A bench of Chief Justice Dipak Misra and Justices A M Khanwilkar and D Y Chandrachud adjourned the hearing on the plea filed by historian Romila Thapar and four others to September 17, after it was submitted that senior advocate Abhishek Manu Singhvi, who is representing the petitioners, was busy in another court.
Earlier, Singhvi appeared before the bench and submitted that the hearing on Thapar's plea be conducted after noon as he has to appear in another matter.
The court was hearing the plea filed against the arrest of the activists -- Varavara Rao, Arun Ferreira, Vernon Gonsalves, Sudha Bharadwaj and Gautam Navlakha.
Prominent Telugu poet Rao was arrested on August 28 from Hyderabad, while activists Gonsalves and Ferreira were nabbed from Mumbai, trade union activist Sudha Bharadwaj from Faridabad in Haryana and civil liberties activist Navlakha from Delhi.
The Maharashtra police had arrested them on August 28 in connection with an FIR lodged following a conclave -- 'Elgaar Parishad' -- held on December 31 last year that had later triggered violence at Koregaon-Bhima village.
The Supreme Court had on September 6 taken strong exception to the statement of a senior police officer on the arrest of the activists, saying he had cast "aspersions" on the top court.

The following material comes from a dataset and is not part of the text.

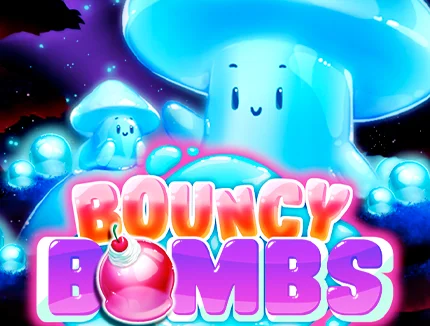 Bouncy bombs Game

An irked court had referred to the statements made to the media by an Assistant Commissioner of Police of Pune and said he was casting aspersions on the apex court by saying it should not have entertained the petition against the arrests.
The petition was filed by Thapar, economists Prabhat Patnaik and Devaki Jain, sociology professor Satish Deshpande and human rights lawyer Maja Daruwala.
The Maharashtra government had told the court that the petitioners were "strangers" to the mater and questioned their locus. Its counsel had said there was enough evidence including the materials taken from the activists' computers and other sources which belied the perception of the petitioners about those arrested.
Senior advocate Harish Salve, the counsel for Tushar Damgude who had filed the FIR in the Koregaon-Bhima violence, had opposed the plea of Thapar and said it could have been raised in the magistrate's court by the affected parties.
Earlier, the Maharashtra government had filed its response to the plea claiming the five rights activists were arrested due to the cogent evidence linking them with the banned CPI (Maoist) and not because of their dissenting views.
The state's response had come in the backdrop of the apex court, while ordering the house arrest of the five activists on August 29, categorically stating that "dissent is the safety valve of democracy".
The court had questioned the state police's move to arrest these activists nine months after the incident and said all of them were reputed citizens and "stifling the dissent" was not good.
The plea by Thapar and others has sought an independent probe into the arrests and their immediate release.